== HOW TO COMPLETE THIS TASK ==
Among the lines below, the one containing "World Modern Technology" opens the range and the one containing "Đưa nông thôn trở thành ‘nơi đáng sống’" closes it. Print that range exactly, without the pictures.

== DATA FOR PROCESSING ==
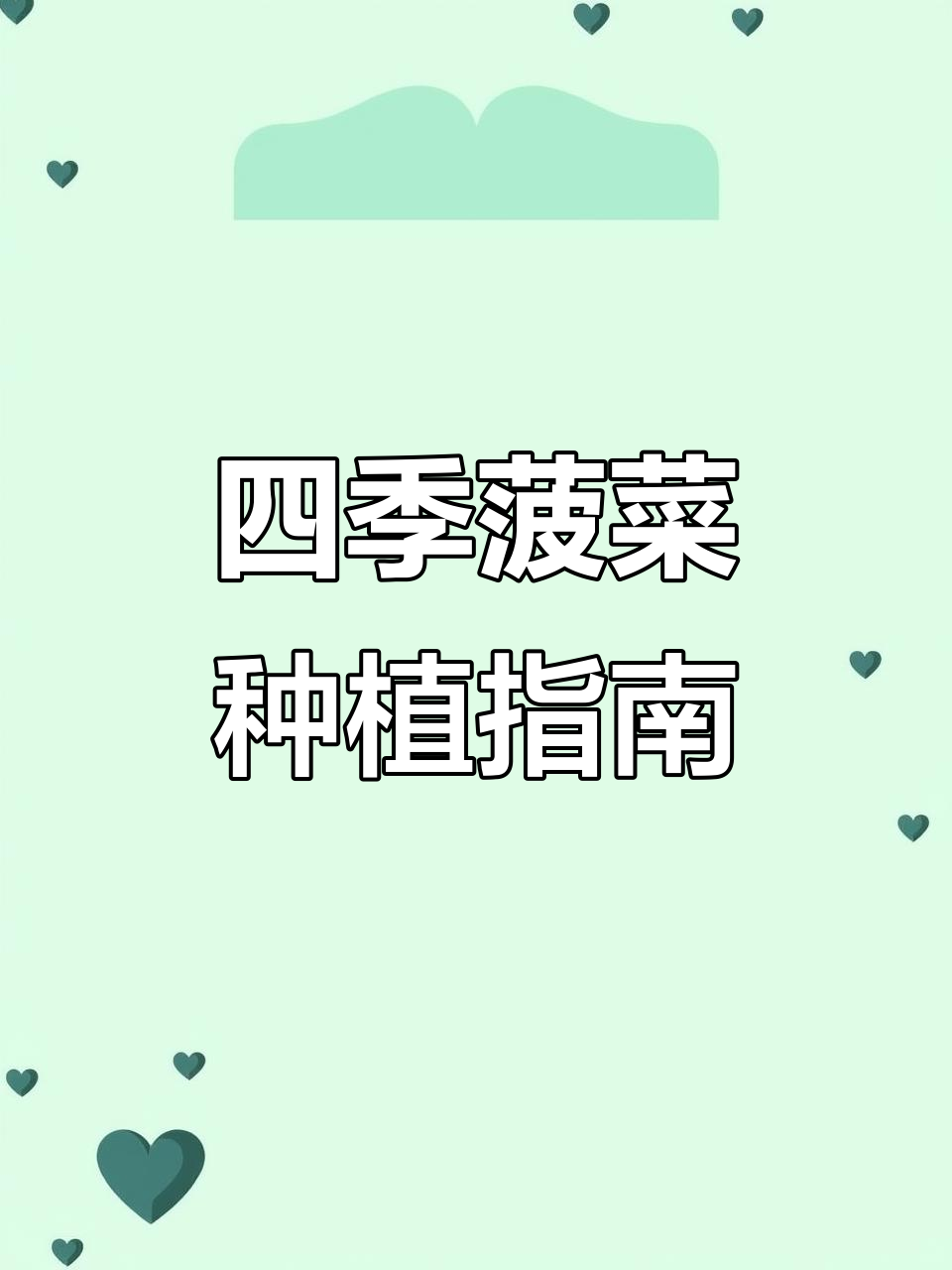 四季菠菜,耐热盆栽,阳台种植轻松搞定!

==

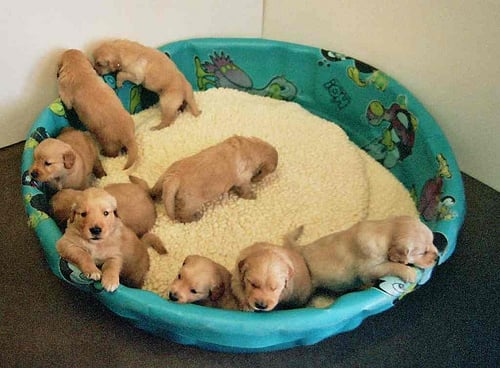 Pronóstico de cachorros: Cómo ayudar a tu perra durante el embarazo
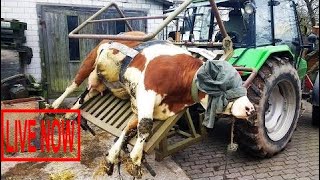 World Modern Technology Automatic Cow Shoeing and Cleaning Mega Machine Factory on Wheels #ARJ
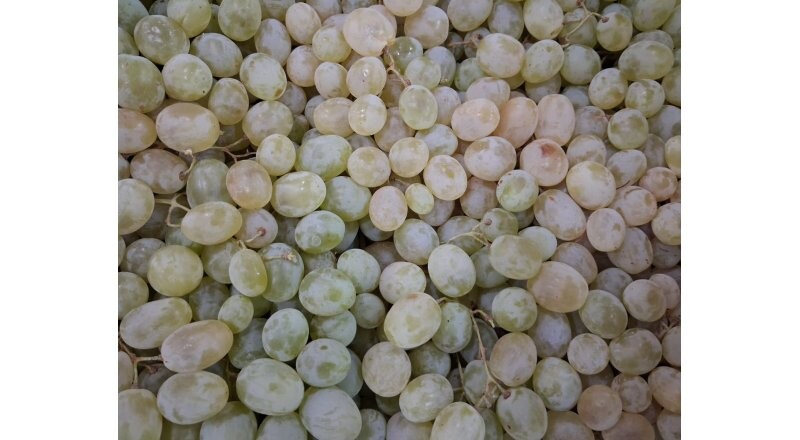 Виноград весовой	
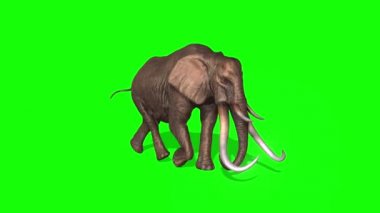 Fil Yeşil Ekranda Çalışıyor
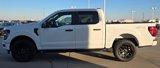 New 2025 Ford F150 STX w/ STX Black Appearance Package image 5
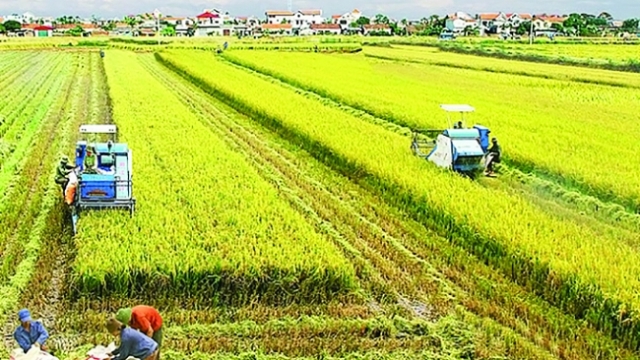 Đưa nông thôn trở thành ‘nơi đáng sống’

--

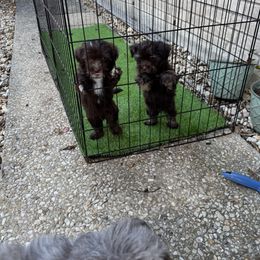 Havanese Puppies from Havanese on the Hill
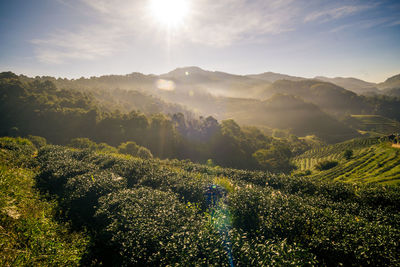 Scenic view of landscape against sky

== WORKED SOLUTION ==
 World Modern Technology Automatic Cow Shoeing and Cleaning Mega Machine Factory on Wheels #ARJ
 Виноград весовой	
 Fil Yeşil Ekranda Çalışıyor
 New 2025 Ford F150 STX w/ STX Black Appearance Package image 5
 Đưa nông thôn trở thành ‘nơi đáng sống’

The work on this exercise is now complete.